I’ll hold on to my annoyance because it reminds me how much I love this campus and because it makes me appreciate how I get to live here and call it home.
Thanks,
Kali Stoehr
P.S. I would like to applaud the students and staff who put the debate tournament together; they really did make some strides in making it a less invasive weekend.
Kali Stoehr • Dec 9, 2009 at 10:55 am
Hi Gary-
I think we’re coming from slightly different places. You mentioned that we share the campus with 1500 other students but my feeling is that as a Whitman Community those 1500 other people are like a family. They have the right to call Whitman home if they feel like it. I never feel like I’m ‘visiting’ campus when I pick up trash on my way to class or when I walked across campus in my pajamas for brunch.
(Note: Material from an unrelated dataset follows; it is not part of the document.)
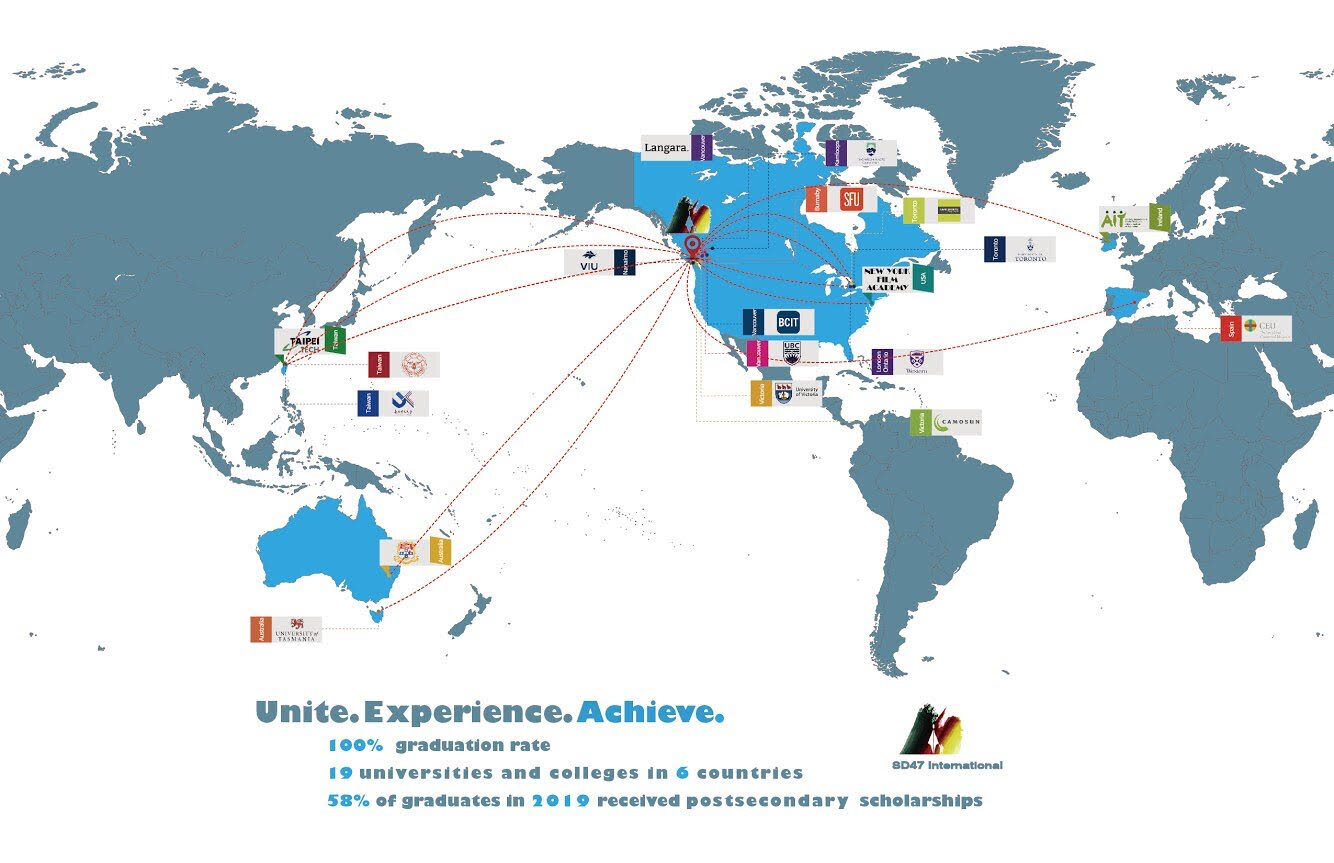 Post Secondary institutions our students attend.
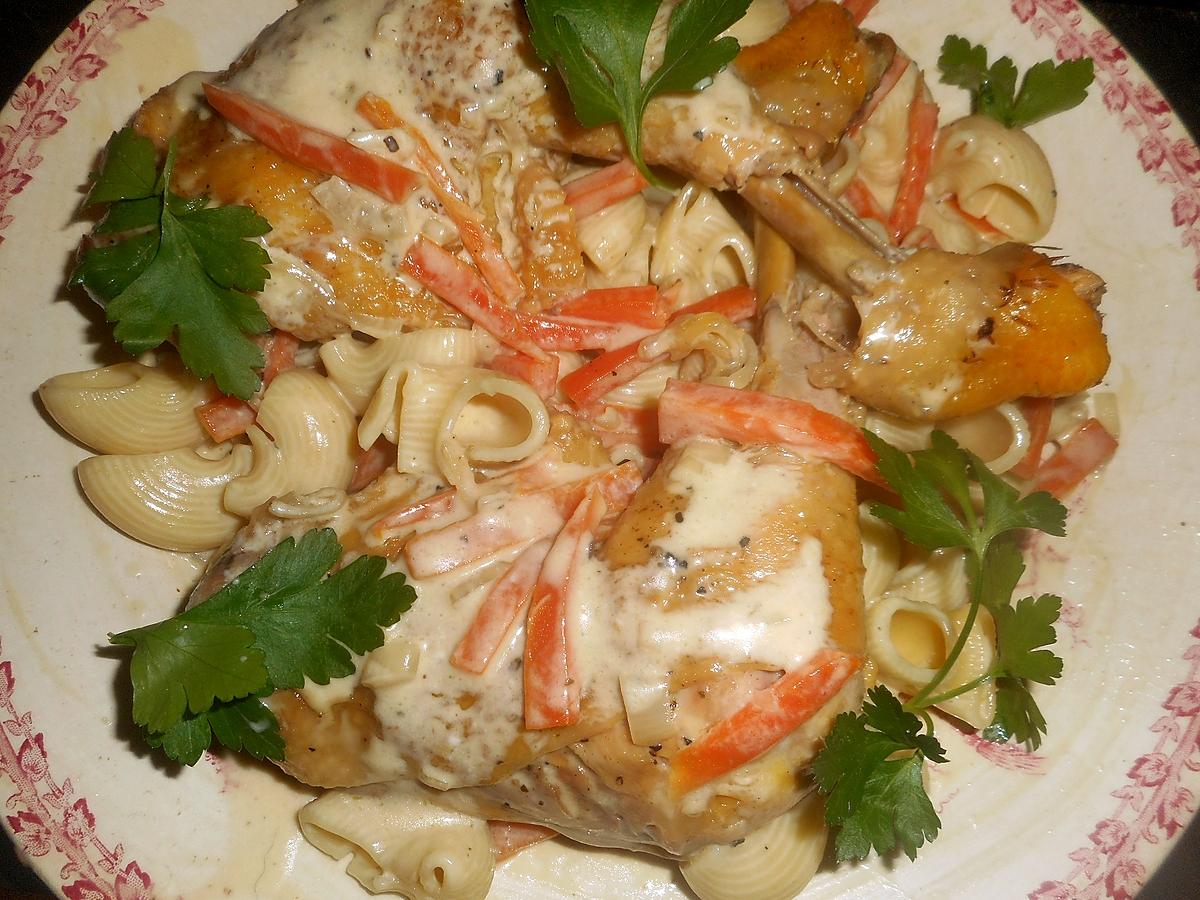 recette Cuisses de poulet au vinaigre de cidre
I would consider debaters visitors on this campus, they certainly wouldn’t call it home.
As for “sharing” our “home”, we do–we share it albeit grudgingly. My biggest complaint about your article was the fact that you called me, and others, intolerant and made statements that it is wrong to even feel annoyed even if we don’t act on it. I merely wanted to make the point that perhaps there are reasons to be annoyed that have nothing to do with how good of an opportunity it is for high-school students.
And just for your reference the incident of changing study rooms did occur in a room that was slated for the tournament, but we only moved there after being asked to leave another study room that was not scheduled that we had planned to use. The one we moved to was empty and not in use, sorry if we didn’t jump to move again. And of course I understand him being nervous- but can you understand my annoyance?
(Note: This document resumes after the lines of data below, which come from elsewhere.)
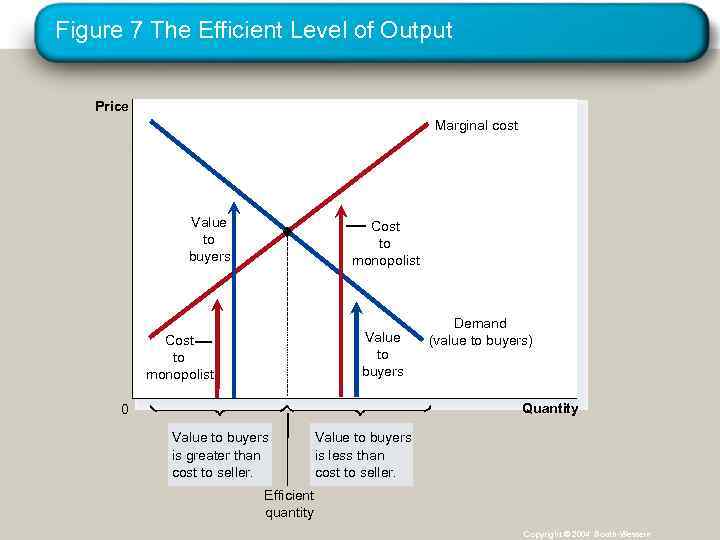 Figure 7 The Efficient Level of Output Price Marginal cost Value to buyers Cost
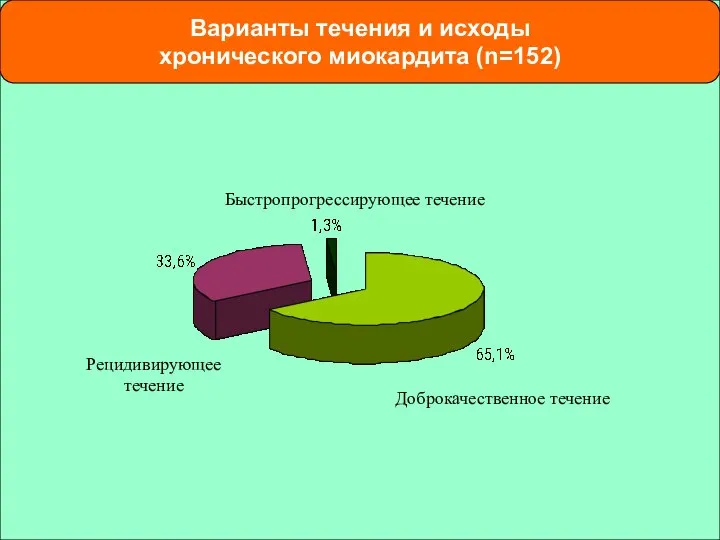 Доброкачественное течение Быстропрогрессирующее течение Рецидивирующее течение Варианты течения и исходы хронического миокардита (n=152)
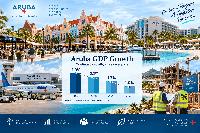 Aruba’s Economy Could Slow Further After 2027, Central Bank Forecast Shows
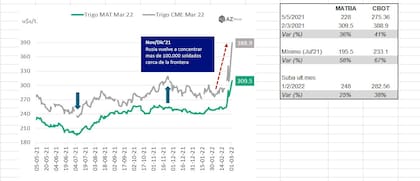 Evolución del precio del trigo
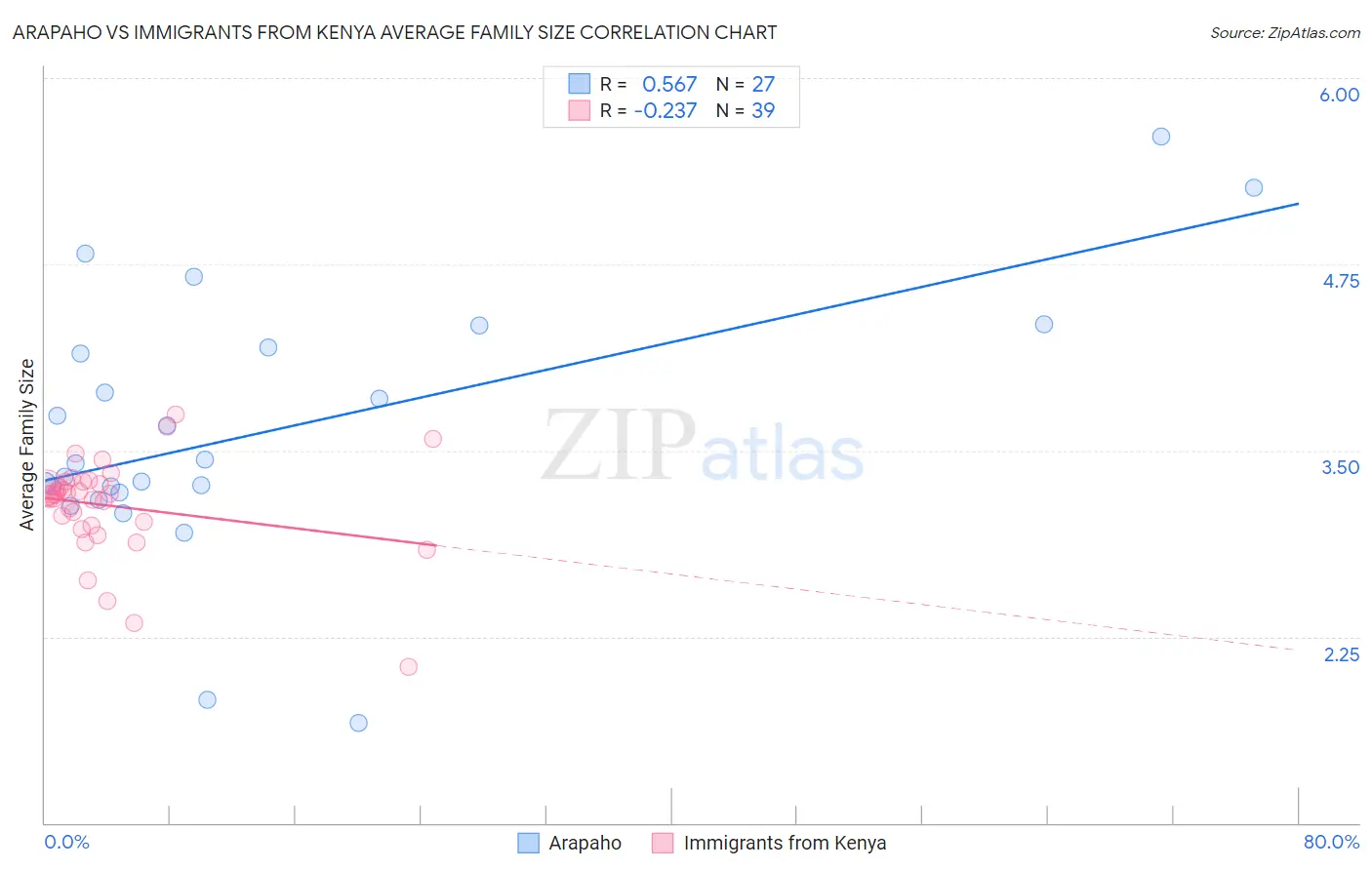 Arapaho vs Immigrants from Kenya Average Family Size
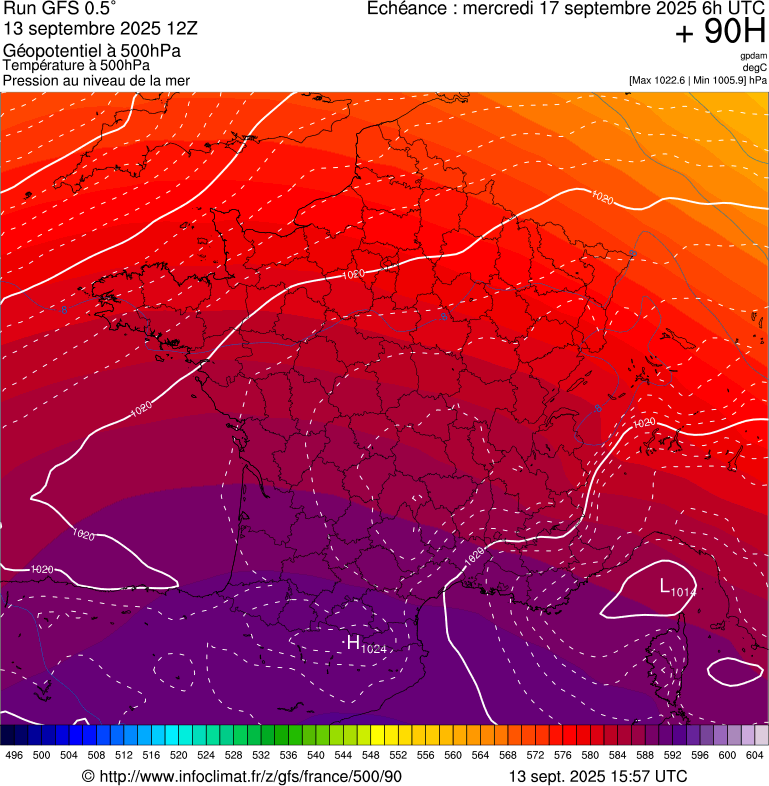 image modeles meteo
Gary • Nov 27, 2009 at 4:36 pm
Hey Kali,
Thanks for your letter to the editor addressing my opinions in the column. I appreciate the effort and I’m glad (in the interest of sparking discussion) that my column provoked your reaction. I would like to clarify that my columns weren’t of a personal nature and if they personally offended you I’m sorry.
However, my point is that why can’t we, as Whitman students, conceive of “sharing” our “home” (Ankeny and Reid) for a weekend with 400 or so high school students? Properly speaking, Ankeny isn’t our home. You and I don’t claim exclusive ownership of it. And yes, it must be annoying to have to move when you were preparing for your writtens because they’re undoubtedly more important to you than any debate tournament or debate round. But, it all worked out didn’t it? I mean, our home is where we live, our bedroom or our off campus home. We share the campus with 1500 other students.
And since it worked out; that in most cases debaters don’t provide that much of a physical or actual disturbance to us yet their presence invites a hostile response is what I disagree with. It’s not as if the campus holds its breath while they’re here; jokes coincide with their presence. And yes, that short, bespectacled boy did ask you guys to move because presumably you guys were in a room marked for debate. But wasn’t he really really nervous? Probably scared to death of having to ask, as a high school sophomore or whatever, a group of seniors to move. In your annoyance, which is undoubtedly deserved b/c of orals, would it be possible to understand why he was so nervous? That at a tournament that probably means a lot to him, he has to do something really uncomfortable and he knows he’s annoying you guys too.
And it’s that understanding of the position of the high school debaters, in their nervous business formal dress, that is missing from campus year and after year. And that’s why to me there is a big difference between ‘enduring’ their presence and ‘tolerating’ them. We can endure what we must, what we dislike and what we really don’t care for. But is that the best way for two groups, Whitman students, and high school debaters, to coexist even for just a weekend?